Any performance gains are the result of a reprogramed chip/ECM, mods to the exhaust system and the turbo waste gate controls
Keep us posted
Robyn
97Suburban
01-11-2009, 22:31
Wow, Thanks a million for the help, tips and procedure, this is my first shot at this piece of work :)
Couple last follow up question as a newbee at this task:
* The injector rebuild shop stated these are OEM/Bosch nozzles and all set the same. Should I assume that is good enough, or am I supposed to specifically ask that a set of 8 be calibrated to be exactly identical in pop pressure and spray pattern and whatever else I should ask for ?
* Sounds like I can skip finding the special tool to remove the 2 inner glow plug wires, but you said just remove the 2 bolts? Never been in there before so I assume I will see some sort of heat shield that must keep some heat off 2 glow plugs that has 2 bolts to remove heat shield, then remove wires and then remove glow plugs ?
* So my buddy thought removing the turbo was a big horrible job and skip that step and try to get in there??? But sounds like you say remove intake top from turbo to top of engine, then remove turbo?

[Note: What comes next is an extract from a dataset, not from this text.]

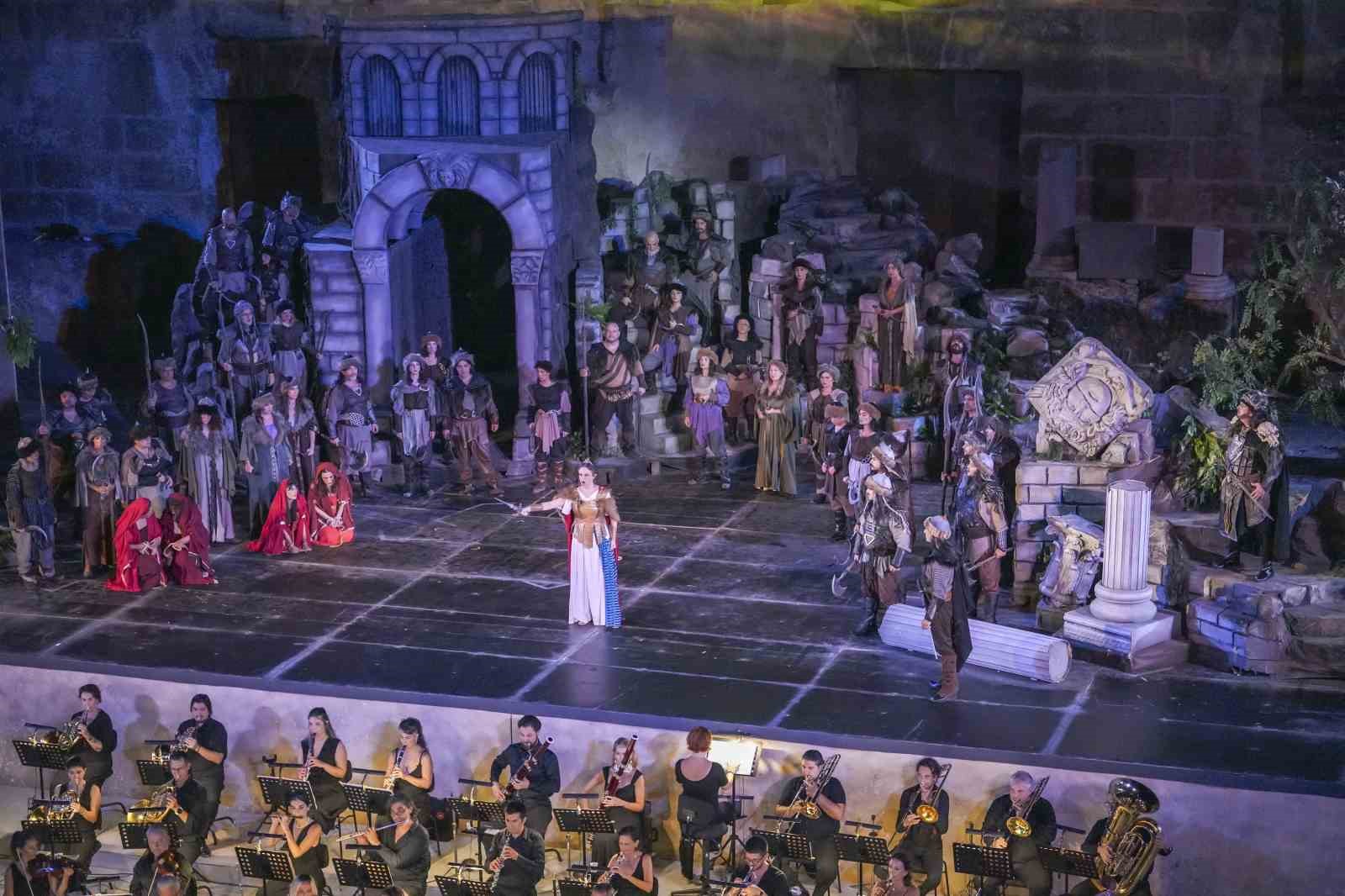 33. ULUSLARARASI ASPENDOS OPERA VE BALE FESTİVALİ ’ATTİLA’ İLE BAŞLADI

So are the 4 bolts hard to find and get to in order to pop off the turbo, I assume thru fender well with socket and air impact on soft & PB Blaster to loosen it up carefully as I assume a nice heat cooked dry bolts? Do they break often? He is worried about a few hours turning into a bees nest...
* Should I reassemble with typical silver anti seeze gue?

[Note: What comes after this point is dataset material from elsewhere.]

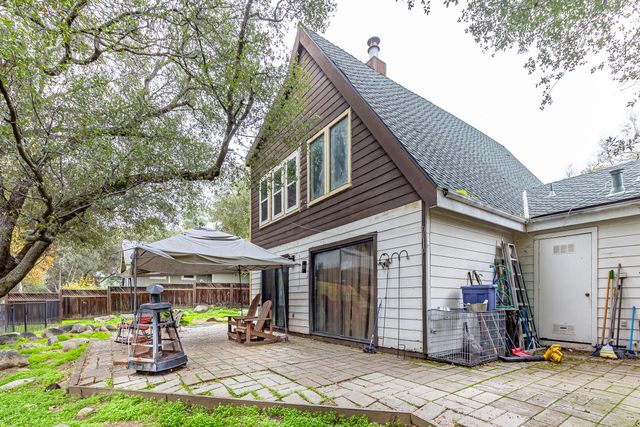 40954 Cherokee Oaks Drive, Three Rivers, CA 93271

* Do I go to the dealer or a parts store like NAPA to get the following:
1. turbo gasket
2. drain tube gasket
3. Should I replace the drain tube you mentioned, is this metal or rubber?
* I assume any Orange high temp silicon? (I think I still have some from another project a while ago)
* The dirt scares me, so I typically blow off, brush, clean and blow off area again and typically triple ensure not dirt around spark plugs but also spraying WD40 to keep dust and falling dirt at bay, then air blow again, then I remove plugs, and in this case injectors...:eek:
Once again, thanks so much for helping a neebee out:D:D
6.5 Detroit Diesel
01-12-2009, 16:08
I don't think there is a turbo gasket. If you mean between the turbo and manifold, I have never seen or used one.
For the oil feed, always just used a really good sealer/gasket maker. Never had a problem.
The oil feed tube where it come into the turbo is metal. Lower down there is a rubber hose.
There should be 4 nuts that come through the exhaust flange. Hit them with some spray and they should come off nicely. A knuckle on an extension makes life a lot nicer.
Big thumbs up on taking off the inner fender. It makes life a lot nicer and I think makes the job go faster.
Use never seize when you put it back on. Won't hurt and will help if you have to take it apart down the road.
Overall, when taking off the turbo, the hardest to get at will probably be the two oil feed bolts.